May 5, 2005

Progress on Biology of ALS Reported at AAN Meeting

Michael Strong, 2005 Essey Awardee, Speaks on Cognitive Changes in Lou Gehrig’s Disease

Roberta Friedman, PhD, ALSA Research Department Information Coordinator

[QUICK SUMMARY: Canadian researcher Michael Strong, M.D., winner of the 2005 Essey Award spoke in his acceptance speech at the April meeting of the American Academy of Neurology in Miami, on the current concepts of how ALS destroys the nervous system. Further reports at the meeting gave early hints toward new therapeutics, and included findings on quality of life in ALS, design of clinical trials for the disease, and highlighted progress on understanding the basic biology of the disease process.]

 Dr. Strong
Dr. Michael Strong, recipient of ALSA's 2005 Sheila Essey Award.

Richard P. Essey presented the 2005 Sheila Essey Award for ALS Research to Michael Strong, M.D. on behalf of The ALS Association (ALSA) and American Academy of Neurology (AAN). Strong received the award for his blend of clinical compassion and cutting edge research into the causes and potential treatments for amyotrophic lateral sclerosis (ALS).

A member of ALSA’s national board of trustees, Essey noted in presenting the award to Strong that many investigators have been using the prize funds to help young researchers enter and contribute to the ALS field.

In his acceptance speech at the AAN meeting in Miami, Strong discussed current concepts of how the disease destroys the nervous system and noted that it is hard to do justice to the huge amount of work going on in the area.
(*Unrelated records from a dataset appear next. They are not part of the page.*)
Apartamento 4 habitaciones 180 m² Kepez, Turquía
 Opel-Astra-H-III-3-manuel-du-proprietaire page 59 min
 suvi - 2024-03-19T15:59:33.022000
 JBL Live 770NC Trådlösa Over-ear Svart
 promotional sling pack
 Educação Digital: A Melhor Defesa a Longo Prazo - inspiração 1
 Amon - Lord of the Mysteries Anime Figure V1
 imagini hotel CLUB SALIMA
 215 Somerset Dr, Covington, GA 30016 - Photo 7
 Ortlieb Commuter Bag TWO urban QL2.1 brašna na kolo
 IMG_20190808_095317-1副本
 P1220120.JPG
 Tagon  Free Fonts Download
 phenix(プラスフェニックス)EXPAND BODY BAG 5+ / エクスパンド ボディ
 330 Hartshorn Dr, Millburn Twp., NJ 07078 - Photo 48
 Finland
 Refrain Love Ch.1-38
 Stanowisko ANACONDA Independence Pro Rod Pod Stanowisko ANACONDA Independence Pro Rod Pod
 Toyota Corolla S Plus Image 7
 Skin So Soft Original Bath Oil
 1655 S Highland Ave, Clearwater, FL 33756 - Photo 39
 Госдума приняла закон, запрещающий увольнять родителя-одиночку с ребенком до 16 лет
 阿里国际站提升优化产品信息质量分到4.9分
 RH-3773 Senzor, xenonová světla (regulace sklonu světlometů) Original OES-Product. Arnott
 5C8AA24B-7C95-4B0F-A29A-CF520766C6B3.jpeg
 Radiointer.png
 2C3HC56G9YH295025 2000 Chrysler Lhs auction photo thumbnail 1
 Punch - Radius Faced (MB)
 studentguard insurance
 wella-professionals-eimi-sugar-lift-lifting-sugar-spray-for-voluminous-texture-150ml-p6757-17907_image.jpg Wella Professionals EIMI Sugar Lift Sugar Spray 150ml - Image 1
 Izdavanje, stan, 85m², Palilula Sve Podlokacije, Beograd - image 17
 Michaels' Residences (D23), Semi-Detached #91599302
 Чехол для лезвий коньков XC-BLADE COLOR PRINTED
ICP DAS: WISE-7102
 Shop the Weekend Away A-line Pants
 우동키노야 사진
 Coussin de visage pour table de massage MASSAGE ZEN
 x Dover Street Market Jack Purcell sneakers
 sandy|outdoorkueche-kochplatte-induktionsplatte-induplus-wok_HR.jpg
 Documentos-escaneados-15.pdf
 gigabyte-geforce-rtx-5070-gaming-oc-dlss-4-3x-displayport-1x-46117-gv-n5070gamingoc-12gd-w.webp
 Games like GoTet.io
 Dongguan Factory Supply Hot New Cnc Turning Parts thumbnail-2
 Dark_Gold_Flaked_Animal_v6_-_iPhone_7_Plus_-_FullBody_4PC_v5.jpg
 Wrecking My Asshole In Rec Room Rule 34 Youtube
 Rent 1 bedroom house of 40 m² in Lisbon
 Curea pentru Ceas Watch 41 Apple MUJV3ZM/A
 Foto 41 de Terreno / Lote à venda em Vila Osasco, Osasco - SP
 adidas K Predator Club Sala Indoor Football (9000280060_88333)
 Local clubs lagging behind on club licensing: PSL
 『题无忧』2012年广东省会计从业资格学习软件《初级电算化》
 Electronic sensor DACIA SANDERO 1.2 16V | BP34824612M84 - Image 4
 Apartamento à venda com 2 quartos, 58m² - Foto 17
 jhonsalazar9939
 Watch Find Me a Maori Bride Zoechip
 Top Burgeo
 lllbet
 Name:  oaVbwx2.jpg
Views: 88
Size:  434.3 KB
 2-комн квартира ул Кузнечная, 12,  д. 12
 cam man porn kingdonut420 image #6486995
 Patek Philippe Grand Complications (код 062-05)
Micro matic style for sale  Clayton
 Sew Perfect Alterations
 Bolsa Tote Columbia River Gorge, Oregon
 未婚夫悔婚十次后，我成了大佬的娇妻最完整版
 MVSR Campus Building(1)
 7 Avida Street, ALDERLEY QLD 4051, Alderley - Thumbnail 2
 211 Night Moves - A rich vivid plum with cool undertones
He focused on the idea that ALS may be a collection of syndromes that manifest as a disorder of key proteins in the nerve cells.

“Many reasons may be leading to the ultimate death of these cells. There are only so many ways a motor neuron can say it is dying, but many ways to get there,” Strong said.

One important association in the disease coming to light in the past few years is that many patients show cognitive changes with ALS. These changes can be subtle, but they lead researchers to conclude that more than the motor neurons are attacked by the disease. This concept may broaden the arena for investigation into the basic nature of the degenerative changes taking place and could point to new treatment strategies.

Researchers find that about half of ALS patients show cognitive changes that can be classified as a fronto-temporal dementia. Fronto-temporal dementia involves personality change that can include excessive emotional and compulsive behavior. Strong suggested that more than 50 percent of ALS patients may show these mild to moderate cognitive changes.

Strong’s research interests have converged on the protein called “tau” that is part of the inner scaffolding of the nerve fibers. Tau typically is deposited in brain as people age, but not in the frontal regions, so finding deposits of tau in the frontal lobes indicates something beyond normal aging is taking place.

 Essey Award Presentation 2005
Dr. Michael Strong receives Award
from Richard Essey

Tau has been implicated in other degenerative diseases of the nervous system. But aspects of tau deposits in ALS are unique to the disease. The main structure of tau is preserved, but added portions to the protein are evident for the tau deposits in ALS.

Strong then spoke in detail about the different proteins that make up the inner scaffold of nerve fibers. The proteins and motor molecules that move cellular cargo along the fibers must meet the extraordinary demands of the extremely long extensions of motor neurons that connect to the muscles. The proteins that maintain nerve fibers are very organized arrays of precisely constructed proteins, all on a microscopic scale. If any one component is made in excess, the structures cannot self assemble properly and becomes disordered. The result inevitably appears to be a motor neuron disease.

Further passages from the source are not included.